User:Manetta/media-objects/annotated-training-datasets
SUN database
Training sets of images --> visual mining.
"The goal of the SUN database project is to provide researchers in computer vision, human perception, cognition and neuroscience, machine learning and data mining, computer graphics and robotics, with a comprehensive collection of annotated images covering a large variety of environmental scenes, places and the objects within."
SUN database abstract:
"Scene categorization is a fundamental problem in computer vision. However, scene understanding research has been constrained by the limited scope of currently-used databases which do not capture the full variety of scene categories. Whereas standard databases for object categorization contain hundreds of different classes of objects, the largest available dataset of scene categories contains only 15 classes. In this paper we propose the extensive Scene UNderstanding (SUN) database that contains 899 categories and 130,519 images. We use 397 well-sampled categories to evaluate numerous state-of-the-art algorithms for scene recognition and establish new bounds of performance. We measure human scene classification performance on the SUN database and compare this with computational methods."

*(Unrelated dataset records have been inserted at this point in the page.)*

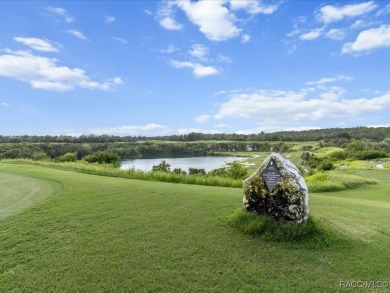 Luxury, efficiency, and elegance converge in this 2022 on Black Diamond Ranch Golf Course in Florida - for sale on GolfHomes.com, golf home, golf lot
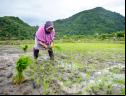 mulher em plantação de arroz 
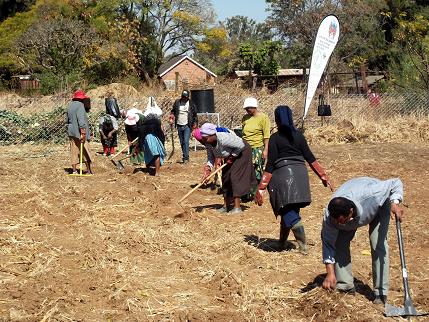 community garden making beds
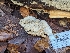  ( - FDS-CA-01382)  @11 [ ] by-nc (2024) Stu Pickell Fungal Diversity Survey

Images are annotated with words (using the WordNet lexicon), which creates a certain truth of the recognition algorithm. The images are the basis for a 'representational learning' system, which means that the system is trained by scanning annotated example images, and comparing them with eachother.
SUN database structure
The SUN database (of Princeton University) annotates two types of images: scenes and objects. Objects are always presented with the name of the scene they appeared in.
The objects who appeared most often are:
- wall (20213)
- window (16080)
- chair (7971)
- floor (7227)
- sky (6328)
- ceiling lamp (6268)
- person (6202)
- building (6043)
- trees (5785)
The scenes who appeared most often are:
- bedroom (2117)
- beach (1223)
- airport terminal (1152)
- castle (1126)
- church outdoor (1058)
- playground (909)
The scenes are structured in a 3-level hierarchy tree. The two highest levels contain the following hierarchies:
- indoor
* shopping and dining * workplace (office building, factory, lab, etc.) * home or hotel * transportation (vehicle interiors, stations, etc.) * sports and leisure * cultural (art, education, religion, military, law, politics, etc.)
- outdoor, natural
* water, ice, snow * mountains, hills, desert, sky * forest, field, jungle * man-made elements
- outdoor, man-made
* transportation (roads, parking, bridges, boeats, airports, etc.) * cultural or historical buildin.place (military, religious) * sports fields, parks, leisure spaces * industrial and construction * houses, cabins, gardens, and farms * commercial buildings, shops, markets, cities, and towns
These organizations and structering of objects and scenes are an attempt to create an universal (visual) language that could enable algorithms to recognize any depicted scene. Algorithms that would use this dataset, will base their results on a 'truth' that is defined by this collection of images. The hierarchy-tree and most common appearing scenes and objects create a hierarchy of importance of the dataset, which influences the 'truth' of any outcome. As the outcome of a recognition algorithm would also be considered as true, the act of annotating the image-collection is a moment in between two 'truth systems' (as Femke Snelting phrased it during Cqrrelations 2015).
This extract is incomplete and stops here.